In Balbec, probably based on Cabourg, the hero of Remembrance learns that the sails of a regatta or the dresses of young women do not, in the eyes of an impressionist painter, spoil the spectacle of the eternal sea. The outside world holds no interest save that it permits an alchemy of self. By bringing back to him the involuntary memory of an entire part of his childhood, the taste of a small cake is as important to the hero as the Dreyfus4 affair or the aerial bombardments of Paris. Once before, in Balzac’s Lily in the Valley (le Lys dans la vallée), Madame de Mortsauf’s shoulders were of more importance than the Hundred Days5 and, in Flaubert’s Sentimental Education (l’Education sentimentale), the sale of Madame Arnoux’ furniture eclipsed, in Frédéric’s eyes, Louis-Napoleon Bonaparte’s coup d’Etat on December 2nd, 1851. Since fiction refracts the world in an individual consciousness, the novel often gives the frivolous primacy over the essential.
But, while in the work of the two masters of the 19th century novel, amorous passion caused this inversion of values, love for Proust is no more than an illness. His hero must experience it to heighten his sensitivity, but only a work of art justifies the rehabilitation of what one at first believed insignificant. This demystification of love lies behind the total subjectivity of Remembrance. That neither Swann nor the hero ever manages to find out whether Odette or Albertine is deceiving them is the product of a traditional analysis of jealousy ; Proust’s modernity lies in the fact that the question, in his work, is destined to remain unanswered.

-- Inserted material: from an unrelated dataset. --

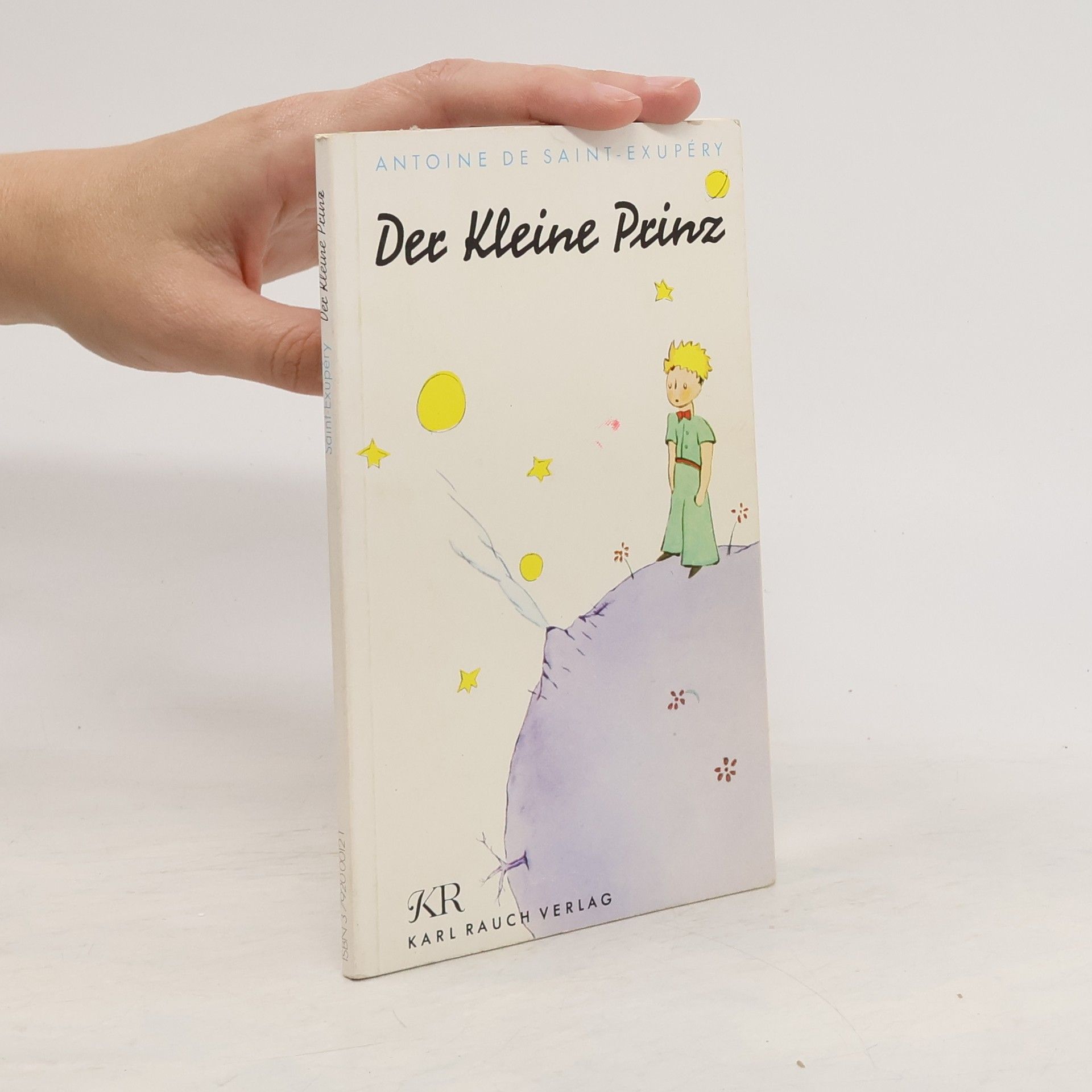 Antoine de Saint-Exupéry Der kleine Prinz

Like an impressionist painting, Remembrance trembles with uncertainties. Actually, Proust contributes to a literary revolution comparable to that accomplished in painting in his day and that the non-figurative painters were to achieve in a more radical way. Proving that the interest of a book resides less in the reality it reflects than in the unique view that it expresses, he inaugurates what Nathalie Sarraute - one of the leading figures in the New Wave6 of fiction - was to call « the age of suspicion », in which the suspicion is less that of romantic and jealous characters than that of the reader invited to decipher the arcanes of a style.
Pierre-Louis Rey
University Academic
1. Recently translated as In Search of Lost Time, although still normally referred to as Remembrance of Things Past.

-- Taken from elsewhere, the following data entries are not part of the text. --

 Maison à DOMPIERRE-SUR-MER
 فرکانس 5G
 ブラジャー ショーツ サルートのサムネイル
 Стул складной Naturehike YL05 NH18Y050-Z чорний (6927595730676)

2. A determinist theory in which a literary work is explained in terms of the historical and social context to which its author belongs.
3. A thousand page manuscript, that Proust never put in any order and the pieces of which have been published in the chronological order of the hero’s life.
4. A politically significant legal case which shook France from 1894 to 1906.
5. A very short period in 1815 when the Emperor Napoleon I briefly returned to power.
6. An expression first coined in the nineteen fifties to describe all the writers who questioned the formal existence of the novel, by venturing into an exploration of writing confronting itself.